This is hardly profound and there are no politics. Instead there is a surplus of relatable emotion. Plus the warm nostalgia for the period as the buttoned-up innocent leaves the austerity of her rural community among a wave of Irish immigration to the US on the cusp of an economic boom.
We get a little photogenic sadness and some gentle comedy led by Julie Walters as a meddlesome landlady. The approach may be too sweet for some, but it's that sort of picture: an upmarket Hallmark romance with a budget and a proper star; and the sort of tastefulness that gets Oscar nominations.
Violent prison drama which begins as a neorealist exposé of the poverty and futility of French penitentiaries, and then evolves into an origins story of an illiterate, malleable 19 year old French-Algerian (Tahar Rahim) who learns to survive in the shadows of this primitive, anarchic institution; and then prosper.
The novice gets an education which transforms him into a hoodlum able to control crime on the outside. And a new gang of Arab convicts coalesce around him to challenge the Corsican drug trade. Director Jacques Audiard adopts a documentary approach, but with some style and many hallucinatory inserts.
While the film comments on the horrific penal environment and the experience of French ethnic minorities, it's Rahim's epic performance that dominates.

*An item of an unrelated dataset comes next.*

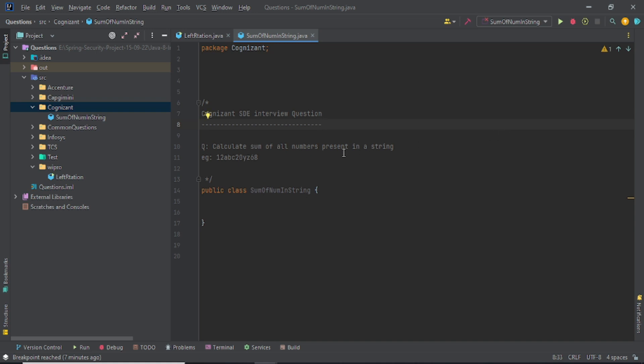You have to calculate the sum of the numbers present in a string. I hope you're getting the question. Hi, my name is Ashuni and welcome back to another video. We'll be calculating the sum of numbers present in a string, and this question was asked in an SD interview at Kongi Center.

Niels Arestrup is a convincing heavy as the head of the Corsican mafia on the inside. And in the neorealist tradition, Audiard uses real life convicts in support roles.
Eventually, the young offender emerges as a folkloric figure; both as a criminal leader of his immigrant people and a more mythic visionary; which surely represents the psychopathic potential which was in him from the start... This is one of the best prison films ever made, and a masterpiece of social realism.

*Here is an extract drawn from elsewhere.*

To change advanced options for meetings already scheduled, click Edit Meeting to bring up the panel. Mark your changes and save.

Australian cult favourite which flickers erratically between bad taste (almost gross-out) comedy and sentimental, life-affirming melodrama. The former is more successful with some wit and a few big laughs, though it often appears uncomfortably like we are expected to mock these characters for being ignorant, low class trash.
When the mood gets darker, it seems the plot is merely hitting the standard beats of a feelgood Hollywood narrative arc. It's manipulative, contrived and a bit corny, but what the hell. It surely means well and there is some amusing satirical comedy. And it's carried by an iconic performance from Toni Collette in the title role.
Muriel begins as a dim bulb fantasist who obsessively plans for the Big Day but without much realism; not so much because she isn't conventionally pretty as she is a borderline psychopath with no self esteem. She packs her taped copy of Abba's Greatest Hits and leaves behind her unsophisticated provincial home and awful family.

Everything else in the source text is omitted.